In addition to the difficulty of removing the equipment, replacing a radiant heat system leaves a person with the question of what to do with all the those old radiators. Fortunately, radiators can sell for quite a lot of money, especially if they are cast iron. Removing them is mainly a task of draining water and disconnecting pipes, which can be done easily with items found around the house.
Close the manual valve on the side of the radiator by turning the cap clockwise. Close the lockshield valve on the other side of the radiator with a wrench by turning it clockwise.
Put down dust sheets to protect your carpet around the radiator. Place the plastic bowl beneath the drain off valve under the lockshield valve, if your radiator has a drain off.
Loosen one of the union nuts on the valve if you do not have a drain off valve. Fill the bowl with water and empty it as often as needed. Remove the bleed valve on the top right corner of your radiator with the radiator bleed key to replace the water in the radiator with air.

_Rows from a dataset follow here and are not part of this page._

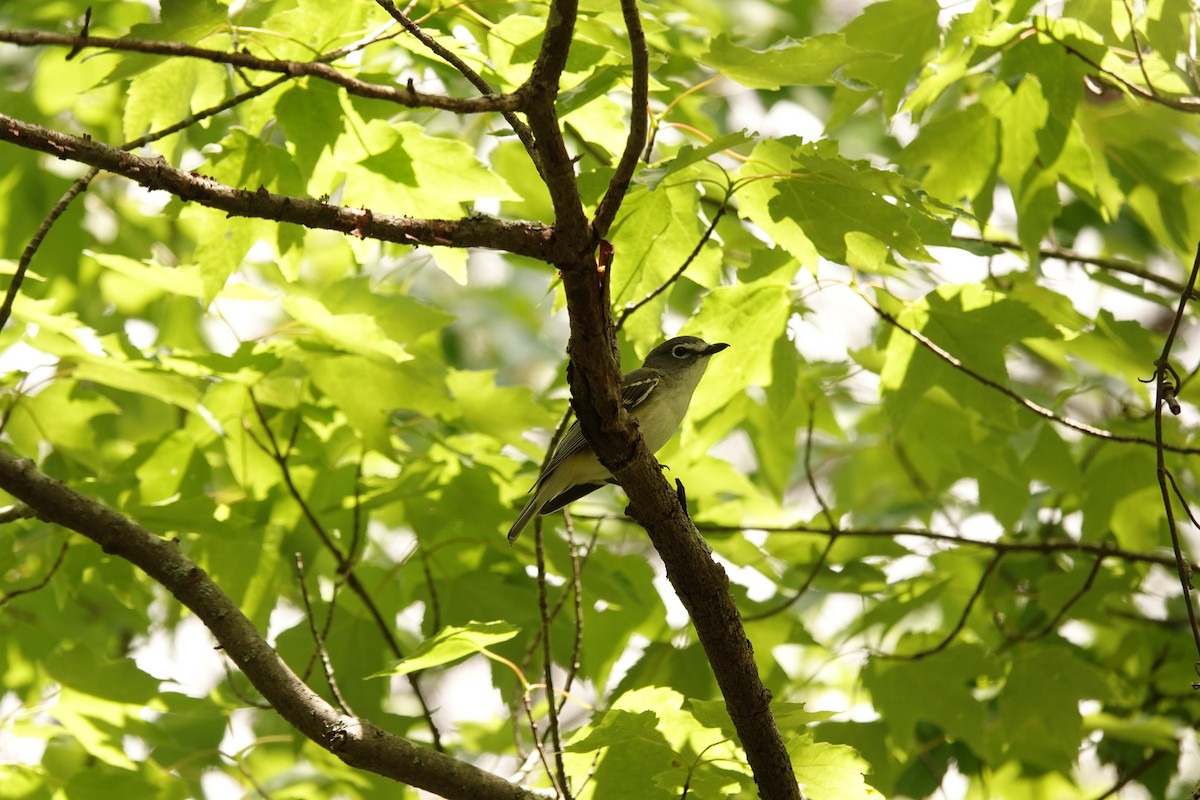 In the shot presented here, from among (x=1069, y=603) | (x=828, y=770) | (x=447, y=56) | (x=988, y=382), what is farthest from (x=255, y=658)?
(x=1069, y=603)

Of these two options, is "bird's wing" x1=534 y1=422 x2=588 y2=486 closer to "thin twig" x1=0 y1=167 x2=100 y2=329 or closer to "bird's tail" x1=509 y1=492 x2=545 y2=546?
"bird's tail" x1=509 y1=492 x2=545 y2=546

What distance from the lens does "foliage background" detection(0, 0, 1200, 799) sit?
10.8 feet

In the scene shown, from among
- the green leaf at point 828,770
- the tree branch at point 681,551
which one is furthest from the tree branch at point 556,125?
the green leaf at point 828,770

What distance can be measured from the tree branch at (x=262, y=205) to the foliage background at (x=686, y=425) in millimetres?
366

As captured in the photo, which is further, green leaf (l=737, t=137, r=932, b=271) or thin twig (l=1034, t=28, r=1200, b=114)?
thin twig (l=1034, t=28, r=1200, b=114)

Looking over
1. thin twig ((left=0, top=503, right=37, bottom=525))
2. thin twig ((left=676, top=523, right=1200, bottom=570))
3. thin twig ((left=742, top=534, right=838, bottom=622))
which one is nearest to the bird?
thin twig ((left=676, top=523, right=1200, bottom=570))

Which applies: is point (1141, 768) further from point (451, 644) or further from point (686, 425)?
point (451, 644)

Clamp the valve with water pump pliers and loosen the union nuts with a wrench. Put a cap on the valve, if it is thermostatic, to prevent leakage. Wrap a plastic carrier bag around the valves to prevent dirt or dust from getting inside them.
Move the bowl under the actual radiator to catch any more water runoff. Remove the largest union nut by the lockshield valve. Lift the radiator up off of the brackets.
List your radiator on eBay, craigslist or another local auction site. Take it to a local junkyard to sell for scrap, if you prefer not to go to the trouble of selling it online.
It is absolutely vital to cap off the main valve. Major flooding has been known to occur from radiators.
Tips and warnings
- It is absolutely vital to cap off the main valve. Major flooding has been known to occur from radiators.